The main contractor should have issued a PMI to de-scope part of the works that were priced at tender stage but failed to do so and simply deducted contra charges from the subcontractors payment cert. There was no PMI, CEN, Risk Reduction Meeting and the subcontractor was not given the opportunity to mitigate the costs.
Under the ECC contract, the assessment of a CE has to be done based on the forecast defined cost. However, the defined cost is now is substantially higher than the original budget for the descoped works, but the subcontractor was not given the opportunity to complete the work.
The subcontractor has highlighted the contractual problem with the contra charge but the main contractor refuses to release payment and deal with them correctly through the contract.
What recourse has the subcontractor to get fair treatment and ultimately get paid
From what you have said it doesn’t sound as though the Contractor’s QS understands the principle of how a Main Option C operates. Any changes to the Scope are dealt with as a CE and do not affect the payment process which is based on ‘actual cost’ (Defined Cost plus Fee = PWDD), so I am not sure why they are applying ‘contra charges’ for ‘de-scope’. Even under a Main Option A, a contra charge for de-scope would not be the correct way to deal with this issue.
Any CE assessment for de-scope adjusts the ‘target’ (Prices), which is used to calculate the share amount.
If formal discussions lead to nowhere, then you could notify a CE under clause 60.1 (18) for a Contractor breach as they have not complied with their payment obligations under the contract.

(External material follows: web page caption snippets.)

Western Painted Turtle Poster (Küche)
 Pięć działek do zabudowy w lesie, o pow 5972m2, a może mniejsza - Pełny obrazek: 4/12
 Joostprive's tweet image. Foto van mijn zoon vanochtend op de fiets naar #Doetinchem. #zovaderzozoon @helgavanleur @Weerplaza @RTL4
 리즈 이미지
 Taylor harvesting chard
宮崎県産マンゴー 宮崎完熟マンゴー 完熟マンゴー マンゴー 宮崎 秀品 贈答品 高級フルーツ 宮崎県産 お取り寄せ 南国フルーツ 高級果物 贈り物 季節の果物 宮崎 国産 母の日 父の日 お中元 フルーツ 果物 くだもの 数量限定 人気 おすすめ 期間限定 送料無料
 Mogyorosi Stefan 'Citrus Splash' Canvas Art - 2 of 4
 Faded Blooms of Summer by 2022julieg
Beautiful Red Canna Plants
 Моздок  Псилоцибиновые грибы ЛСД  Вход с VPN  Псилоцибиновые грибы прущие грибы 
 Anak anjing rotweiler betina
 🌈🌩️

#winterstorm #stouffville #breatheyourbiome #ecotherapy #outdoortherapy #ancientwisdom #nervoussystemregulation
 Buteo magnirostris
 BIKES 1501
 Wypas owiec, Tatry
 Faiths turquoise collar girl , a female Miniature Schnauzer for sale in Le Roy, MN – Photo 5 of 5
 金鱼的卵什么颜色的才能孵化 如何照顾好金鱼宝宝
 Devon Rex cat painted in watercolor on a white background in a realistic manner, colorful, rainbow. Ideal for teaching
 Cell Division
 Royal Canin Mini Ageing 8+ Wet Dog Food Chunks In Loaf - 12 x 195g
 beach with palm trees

The 3rd bullet point under clause 50.2 is not a ‘catch all’ for any amount that the person doing the assessment thinks they might want to include and is specific to any entitlement under the contract such as clause 25.3, 45.1, X7 or X16. If that doesn’t work then you may have to notify a formal dispute, but hopefully it won’t need to go that far.
There are no such thing as “contra-charges” under the contract. If the works are de-scoped then these should be instructed and notified as a compensation event. The Subcontractor then should have the chance to price how much they think it would have been and the Contractor can consider if they agree with the quotation and assess themselves (in accordance with the rules) if they don’t agree.
The bad news is that it would be assessed at the cost of what it would have cost them at the point it was de-instructed - which might have been more than it would have been tendered for (but if it wasn’t removed it would have cost them more to install anyway).